> **TRY IT**
Apart from the pictures, print the data below exactly as given.

> **EXERCISE DATA**
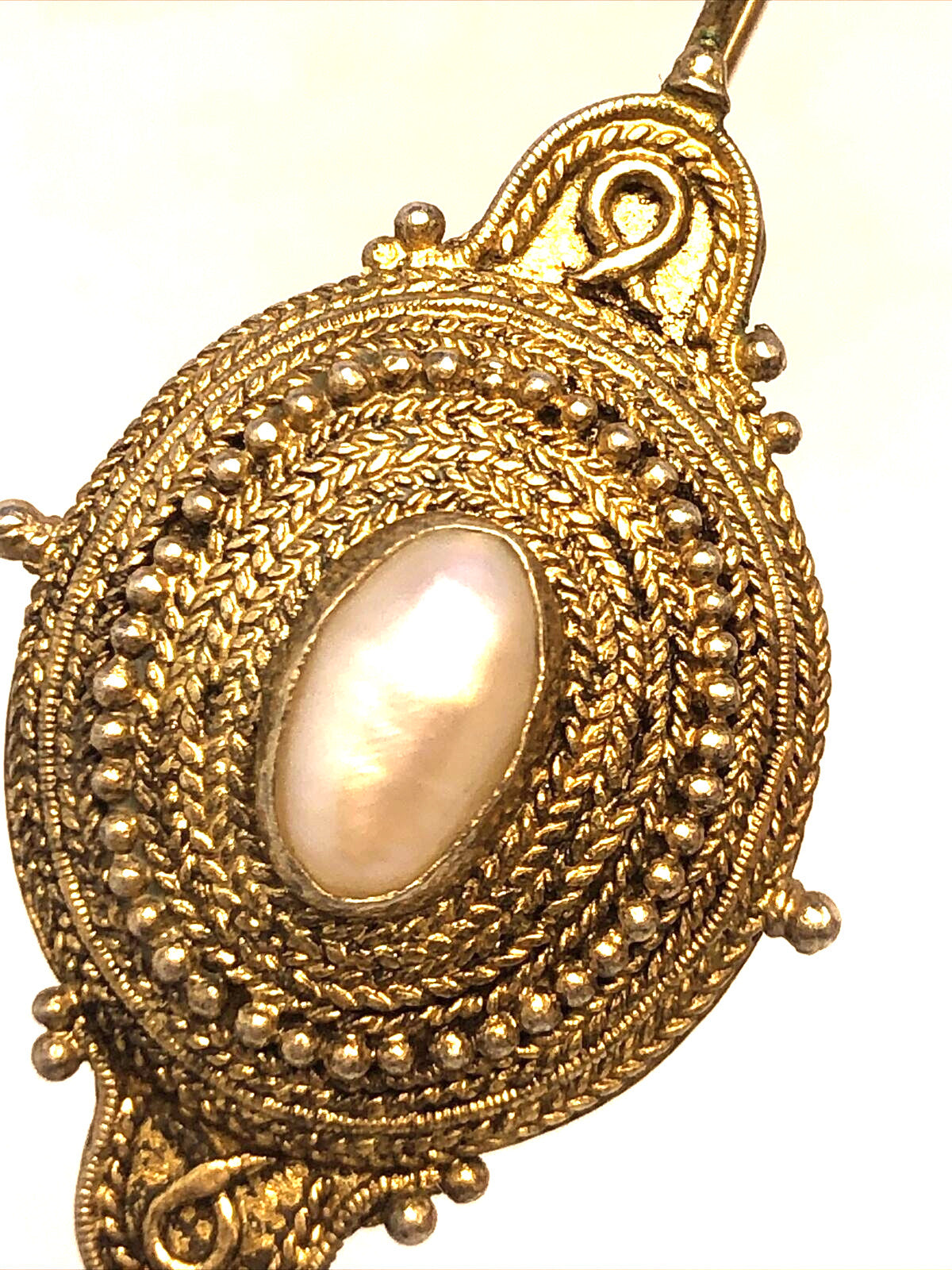 Designer 925 Sterling Silver Vermeil Braided & Beaded Oval Hook Earrings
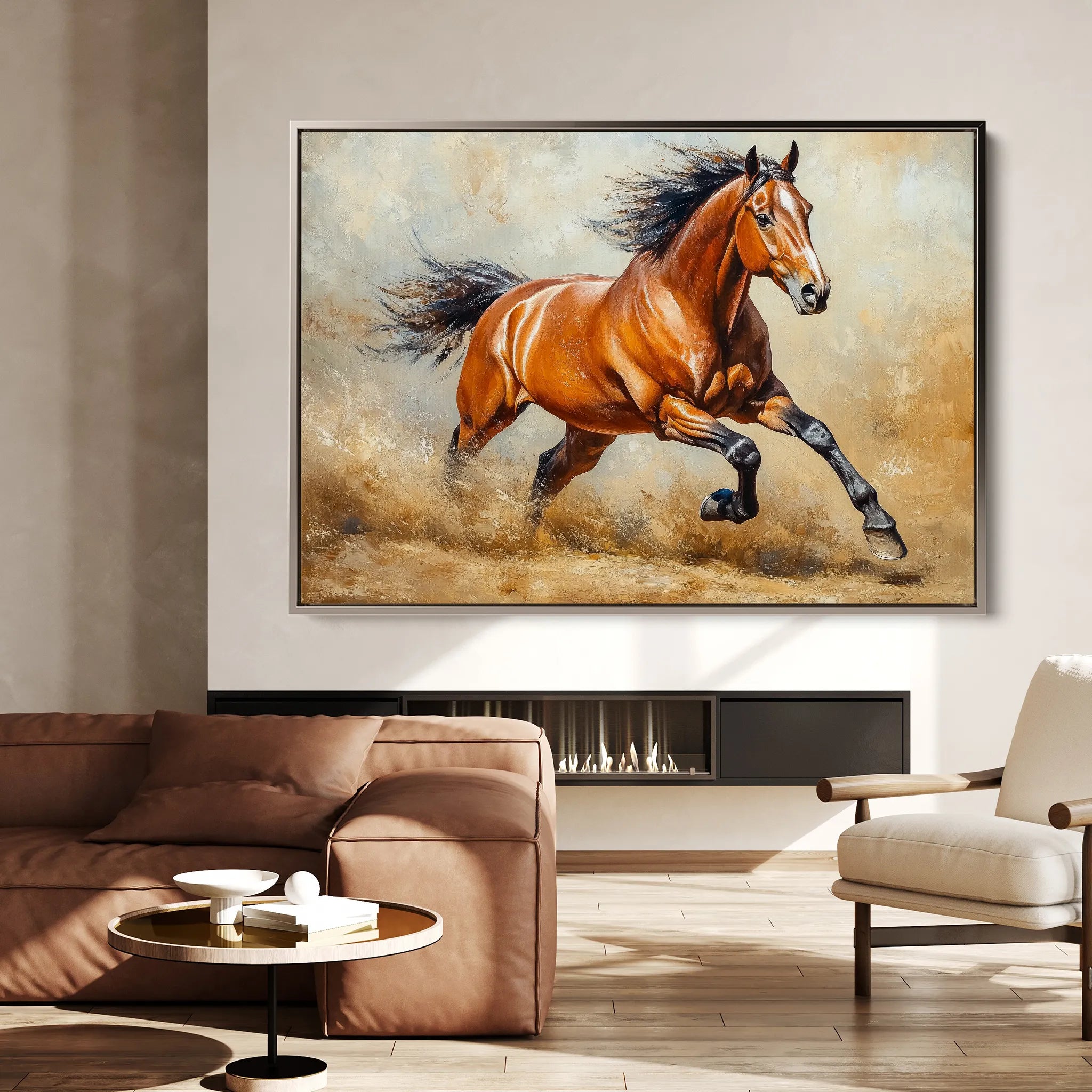 Horses 168 Canvas Art 60 x 40 cm / Black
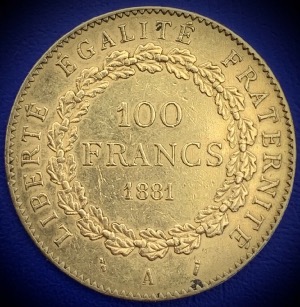 100 Francs or Génie 1881 A Paris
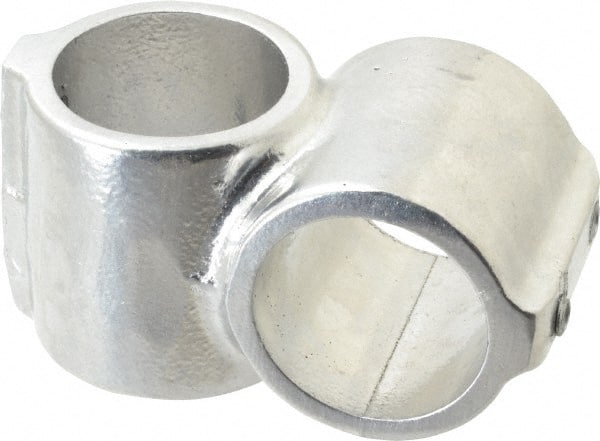 Hollaender - 1-1/2" Pipe, Short Barrel Crossover, Aluminum Alloy Cross Pipe Rail Fitting - Bright Finish - Exact Tooling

> **ANSWER AREA**
 Designer 925 Sterling Silver Vermeil Braided & Beaded Oval Hook Earrings
 Horses 168 Canvas Art 60 x 40 cm / Black
 100 Francs or Génie 1881 A Paris
 Hollaender - 1-1/2" Pipe, Short Barrel Crossover, Aluminum Alloy Cross Pipe Rail Fitting - Bright Finish - Exact Tooling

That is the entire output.